Forming the Fairground Saints
Singer Mason Van Valin, 23, and guitarist Elijah Edwards, 20, both hail from the Santa Ynez Valley in Southern California. When Van Valin wrote an ad in hopes of finding a bandmate five years ago, he didn’t exactly have 15 year old Edwards in mind. “He was so young that I didn’t really take him seriously,” said Van Valin.

Still, despite some apprehension, Van Valin sent Edwards a simple recording of Van Valin singing and playing his acoustic guitar. “A little while later he sent it back and he added drums, bass, mandolin, Dobro, all this crazy stuff — it sounded great, like he had recorded it in a professional studio. I was just, like, “Well, cool, man — you got the job!”’ Van Valin recalled.

The duo began playing shows around Santa Barbara and soon garnered the attention of producer Matthew Wilder. Van Valin’s sister was making a scrapbook for Wilder’s former road manager at the time. She told him, “Oh, you should listen to my brother’s band on Youtube!” and he just said “Everybody has a brother on Youtube,” but she insisted he take a listen.

Wilder thought the pair would benefit from a female voice. The voice Wilder had in mind was that of Midwesterner Megan McAllister, who also plays the guitar and the dulcimer.

Originally from Michigan, McAllister began writing songs at age six. Though she spent most her life in the midwest, she travelled the world leading songwriting workshops in 17 countries over the course of four years with the music education nonprofit, The Young Americans. Now, 26 years old, McAllister lives in North Hollywood.

When McAllister was three years old, her dad noticed she was harmonizing with the car radio — her parents soon began entering McAllister in singing competitions. “I was kind of a quiet little girl but whenever I would go on stage and sing I would feel comfortable for the first time,” she said. On stage, she said, she felt at home.

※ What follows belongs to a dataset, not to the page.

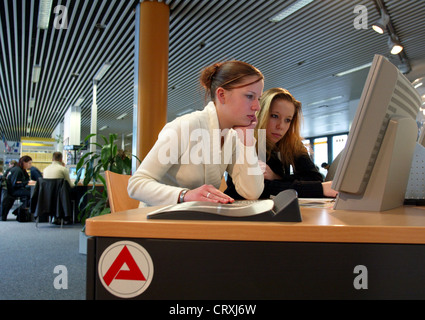 Trovare un apprendistato, agenzia per il lavoro nei prodotti alimentari Foto Stock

“Through a random sequence of events, they found me on Youtube,” she explained. “I hadn’t really submitted myself for the audition. Matthew [Wilder] actually found my dad’s restaurant online, since it was the only way he could contact me.” Wilder called McAllister’s father and they arranged for her to meet Van Valin and Edwards. “It was a match made in heaven,” she said.

Their roots
The guitar that vocalist Mason Van Valin plays on the record was given to his father when Mason was born. He credits his family for his diverse musical education growing up.

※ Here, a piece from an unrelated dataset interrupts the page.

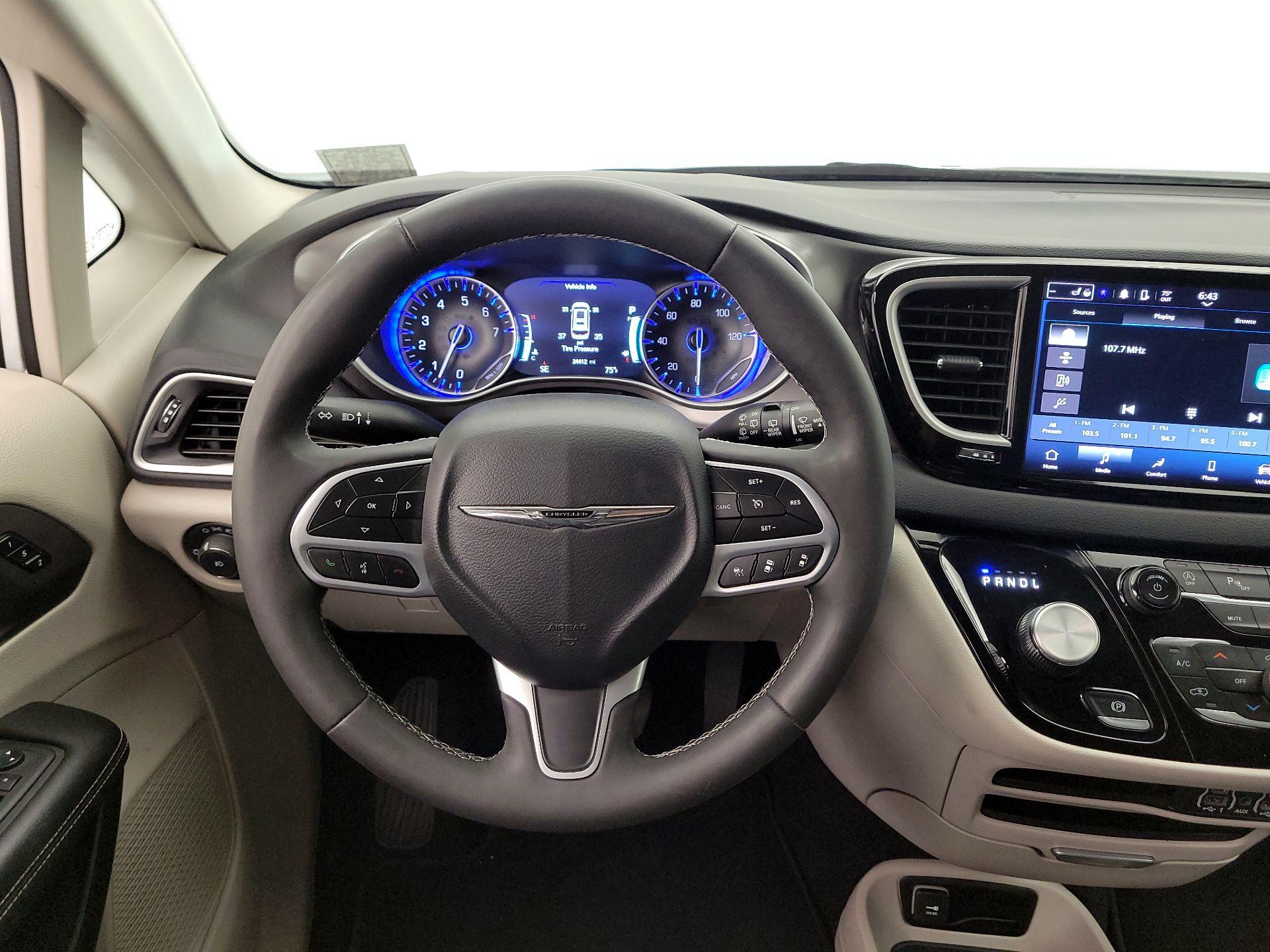 Thumbnail: 2024 Chrysler Pacifica - 10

Van Valin recalled a video game that allowed him to create music as a “magical experience,” and considers that part of the equation that led him to begin making his own music. The other part of the equation was listening to Bob Dylan’s “Blood on the Tracks” with his dad. He grew up listening to James Taylor and Simon Garfunkel but he remembers the moment he heard Elliott Smith for the first time, saying, “that changed everything.” These days, Van Valin is a fan of Jake Bugg.

McAllister draws inspiration from female country singers like Shania Twain, Martina Mcbride, Dolly Parton and Patsy Cline. Also, she noted Hanson was the band that originally made her want to be in a band.

When Edwards was six years old, his uncle showed him how to play a song using only the black keys of a piano. “I remember desperately wanting to learn how to do that,” he said. The first song Edwards learned on guitar was Nickelodeon’s Drake and Josh theme song. “That is what has gotten me to where I am today,” he said with a laugh.

Edwards said his “catalyst for becoming kind of obsessive about music was John Mayer’s “Room for Squares.” I was always interested but when I first heard John Mayer I thought, ‘I need to get better and become everything I can be.’”

Edwards can be heard on the drums, bass, accordion, mandolin and guitar, though he said it’s not fun to list all the instruments in his repertoire. “Some instruments I play are kind of secret,” he said, adding, “You may hear an instrument on the record and wonder if it’s me. It’s me.”
One of their album’s biggest standouts is the song “Church,” which they describe as a “porch stomping” song with some political and religious undertones. Van Valin and Edwards were experimenting with different open tunings on the guitar when they happened upon the opening riff by accident. “We stopped and looked at each other and thought ‘Oh, that’s neat.’ We thought there might have been a ghost that came along to create the song,” said Van Valin.

He said the song “All for you” has a special place in his heart since it was the first song the band wrote together. “That was the point when we thought, “Yeah, this is really going to work.”’
While the band has gone on tour before, this is their first tour on a national scale. “It’s awesome,” said Van Valin, who noted how much of the tour he spends sleeping. “When I wake up to go to the bathroom I’ll look out the window and think ‘Oh, we’re driving through Texas.”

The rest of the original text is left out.